WHAT NEEDS TO BE DONE: Copy each line below that has "Black".

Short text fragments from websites
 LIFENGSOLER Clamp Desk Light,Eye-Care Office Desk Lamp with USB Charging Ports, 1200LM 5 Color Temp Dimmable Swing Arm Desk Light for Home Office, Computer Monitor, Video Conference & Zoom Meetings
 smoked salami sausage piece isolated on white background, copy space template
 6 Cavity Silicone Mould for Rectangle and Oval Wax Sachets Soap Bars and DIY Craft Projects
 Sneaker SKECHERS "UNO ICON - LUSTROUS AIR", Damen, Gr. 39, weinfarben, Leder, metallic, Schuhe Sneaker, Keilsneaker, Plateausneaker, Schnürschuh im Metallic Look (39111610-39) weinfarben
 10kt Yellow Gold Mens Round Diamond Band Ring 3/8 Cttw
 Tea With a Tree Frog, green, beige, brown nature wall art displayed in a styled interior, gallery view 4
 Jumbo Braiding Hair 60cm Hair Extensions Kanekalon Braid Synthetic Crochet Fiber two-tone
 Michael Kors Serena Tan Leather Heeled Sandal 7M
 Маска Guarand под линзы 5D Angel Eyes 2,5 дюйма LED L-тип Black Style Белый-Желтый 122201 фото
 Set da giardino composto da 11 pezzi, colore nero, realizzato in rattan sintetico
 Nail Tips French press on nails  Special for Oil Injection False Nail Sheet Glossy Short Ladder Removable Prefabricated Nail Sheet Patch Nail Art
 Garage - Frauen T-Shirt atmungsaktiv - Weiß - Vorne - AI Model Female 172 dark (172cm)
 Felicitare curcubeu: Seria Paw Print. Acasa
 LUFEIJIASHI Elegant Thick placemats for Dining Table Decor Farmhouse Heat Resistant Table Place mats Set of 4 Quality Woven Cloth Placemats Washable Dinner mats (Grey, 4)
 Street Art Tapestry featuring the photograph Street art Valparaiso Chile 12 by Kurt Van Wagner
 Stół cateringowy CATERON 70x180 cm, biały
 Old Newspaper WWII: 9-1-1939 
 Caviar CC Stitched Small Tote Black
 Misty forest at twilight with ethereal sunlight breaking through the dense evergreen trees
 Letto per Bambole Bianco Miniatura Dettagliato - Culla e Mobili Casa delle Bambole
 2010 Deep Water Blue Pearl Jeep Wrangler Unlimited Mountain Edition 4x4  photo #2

OUTPUT FOR THIS EXERCISE:
 Маска Guarand под линзы 5D Angel Eyes 2,5 дюйма LED L-тип Black Style Белый-Желтый 122201 фото
 Caviar CC Stitched Small Tote Black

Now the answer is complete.